Informed consent is the formal agreement by an individual who participates in the proposed research project. Human subjects involved in a project must participate willingly and be adequately informed about the research. The informed consent agreement must include a statement describing how the confidentiality of records identifying the subject will be maintained. It is important that an informed consent agreement be written in a way that does not unduly limit an investigator's discretion to share data with the research community.
Confidentiality and IRBs
IRBs take different approaches to secondary analysis of public-use datasets such as those distributed on ICPSR's website. Some require IRB review of proposals to analyze these data. Others exempt projects involving secondary analysis of existing datasets from preapproved sources, such as ICPSR. Others are establishing their own policies to address these issues.
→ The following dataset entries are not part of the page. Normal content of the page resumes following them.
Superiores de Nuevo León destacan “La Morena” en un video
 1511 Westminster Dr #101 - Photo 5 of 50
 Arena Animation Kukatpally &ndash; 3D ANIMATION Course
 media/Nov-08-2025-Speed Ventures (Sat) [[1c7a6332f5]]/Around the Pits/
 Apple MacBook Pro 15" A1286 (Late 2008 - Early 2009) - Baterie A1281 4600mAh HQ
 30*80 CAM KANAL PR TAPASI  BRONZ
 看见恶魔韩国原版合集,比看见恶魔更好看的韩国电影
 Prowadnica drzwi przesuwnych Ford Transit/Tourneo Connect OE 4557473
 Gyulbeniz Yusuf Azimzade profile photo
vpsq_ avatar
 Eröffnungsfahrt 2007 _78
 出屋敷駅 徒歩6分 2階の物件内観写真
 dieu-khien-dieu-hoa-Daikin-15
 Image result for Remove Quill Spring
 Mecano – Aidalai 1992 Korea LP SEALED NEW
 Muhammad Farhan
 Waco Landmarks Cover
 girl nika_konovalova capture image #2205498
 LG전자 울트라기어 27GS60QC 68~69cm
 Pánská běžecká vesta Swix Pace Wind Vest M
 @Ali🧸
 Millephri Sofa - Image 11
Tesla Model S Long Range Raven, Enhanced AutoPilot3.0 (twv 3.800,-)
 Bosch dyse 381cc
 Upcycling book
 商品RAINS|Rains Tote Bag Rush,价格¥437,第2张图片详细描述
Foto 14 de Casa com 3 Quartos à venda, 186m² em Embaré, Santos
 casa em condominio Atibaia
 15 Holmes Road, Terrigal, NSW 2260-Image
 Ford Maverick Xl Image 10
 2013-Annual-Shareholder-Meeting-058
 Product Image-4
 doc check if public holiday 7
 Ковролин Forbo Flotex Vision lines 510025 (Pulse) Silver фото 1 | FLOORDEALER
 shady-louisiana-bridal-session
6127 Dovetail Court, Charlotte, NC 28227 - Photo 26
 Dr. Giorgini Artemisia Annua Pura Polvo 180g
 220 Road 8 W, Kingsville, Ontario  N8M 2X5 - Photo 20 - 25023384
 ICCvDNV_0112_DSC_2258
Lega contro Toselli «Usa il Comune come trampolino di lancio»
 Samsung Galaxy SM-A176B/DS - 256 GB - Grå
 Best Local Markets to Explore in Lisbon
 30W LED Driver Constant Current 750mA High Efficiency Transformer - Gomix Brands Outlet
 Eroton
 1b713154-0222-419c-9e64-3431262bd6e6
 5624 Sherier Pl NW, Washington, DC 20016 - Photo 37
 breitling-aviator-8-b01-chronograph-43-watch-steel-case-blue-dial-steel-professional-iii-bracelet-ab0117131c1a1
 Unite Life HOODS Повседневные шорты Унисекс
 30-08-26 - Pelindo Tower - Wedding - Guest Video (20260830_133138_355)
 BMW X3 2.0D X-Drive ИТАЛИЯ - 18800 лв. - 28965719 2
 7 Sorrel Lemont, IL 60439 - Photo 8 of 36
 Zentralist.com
More
Levels of Access
Sometimes data cannot be modified to protect confidentiality without significantly compromising the research potential of the data. In these cases, access to the data is limited and stringent confidentiality safeguards are imposed.
ICPSR has established two categories of limited access.
Restricted-Use Data are made available for research purposes for use by investigators who agree to stringent conditions for the use of the data and its physical safekeeping.
Enclave Data are those datasets which present especially acute confidentiality risks. They can be accessed only on-site in ICPSR's secure data enclave in Ann Arbor. Investigators must be approved. Their notes and analytic output are reviewed by ICPSR staff.